Ein weiteres Anwendungsfeld, auf das wohl viele Grossbanken hoffen, ist die Modellierung von Risiken. Herkömmliche Rechner stossen nämlich bei der Simulation von Finanzmärkten oft an ihre Grenzen und können Analysen nicht in Echtzeit machen. Quantencomputer könnten da Abhilfe schaffen, indem sie in Echtzeit Gewinnwahrscheinlichkeiten bestimmen und potenzielle Risiken bewerten. Zoufal betont aber, dass Quantencomputer als Komplementärtechnologie gesehen werden sollten: «Sie werden nur manche Aufgaben erleichtern und beschleunigen können. Ausserdem sind heutige Quantencomputer aufwendig in der Lagerung, deshalb werden sie in naher Zukunft kaum herkömmliche Rechner in Bereichen ersetzen, wo diese nicht an ihre Grenzen stossen.» Stand jetzt müssen viele Quantencomputer-Technologien auf minus 273 Grad Celsius gekühlt und per Vakuum abgeschirmt werden.
Haben Bitcoin und Co. ausgedient?
Auf diversen Krypto-Plattformen werden Quantencomputer als grosse Gefahr für Blockchain-Technologien und Kryptowährungen betitelt. Grund dafür ist, dass auch Kryptowährungen auf klassischen Verschlüsselungsmethoden basieren, die Quantencomputer potenziell knacken könnten. Zoufal gibt Entwarnung: «Tatsächlich könnten Quantencomputer eine Gefahr für die heutigen Protokolle der meisten Kryptowährungen darstellen. Allerdings arbeitet die Wissenschafts-Community schon seit Jahren daran, neue Standards zu entwickeln, die sicher vor Quantencomputern sind.»
Zoufal verweist hier auf einen Wettbewerb des National Institute of Standards and Technology (NIST), der seit fünf Jahren läuft, mit dem Ziel, quantensichere Verschlüsselungstechnologien zu entwickeln. Bis 2024 sollen diese Algorithmen als globale Standards eingeführt werden. «Wir gehen davon aus, dass diese Standards dann weltweit eingeführt werden und auch Kryptowährungen neue Protokolle etablieren werden», sagt Zoufal.
Wann können Quantencomputer in der Praxis eingesetzt werden?

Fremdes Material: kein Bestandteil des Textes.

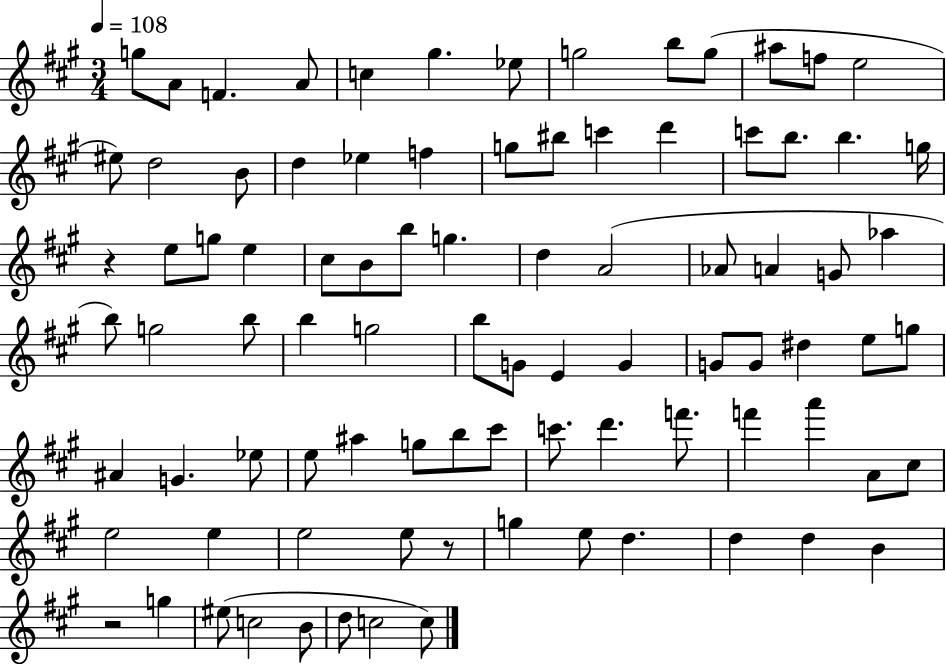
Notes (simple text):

Goldman Sachs rechnet laut eigenen Angaben damit, dass in fünf Jahren Quantenalgorithmen in der Praxis eingesetzt werden können. Zoufal sagt, dass solche Zukunftsprognosen schwierig seien: «Unsere Quantencomputer bei IBM sind noch in einem frühen Entwicklungsstadium. Momentan können die verfügbaren Quantencomputer noch keine praxisrelevanten Probleme schneller und besser lösen als die besten Superrechner. Wann es zu einem Durchbruch kommt, ist sehr schwierig zu sagen, aber wir sind optimistisch.»
Dennoch hat IBM bereits ein Quantennetzwerk mit 170 Praxispartnern aufgebaut, die im Forschungsstadium versuchen, das Potenzial von Quantencomputern auszuloten. Christa Zoufal: «Viele Firmen erkennen das Potenzial von Quantencomputern. Deshalb wollen sie bereits heute den Umgang mit dieser Technologie lernen.»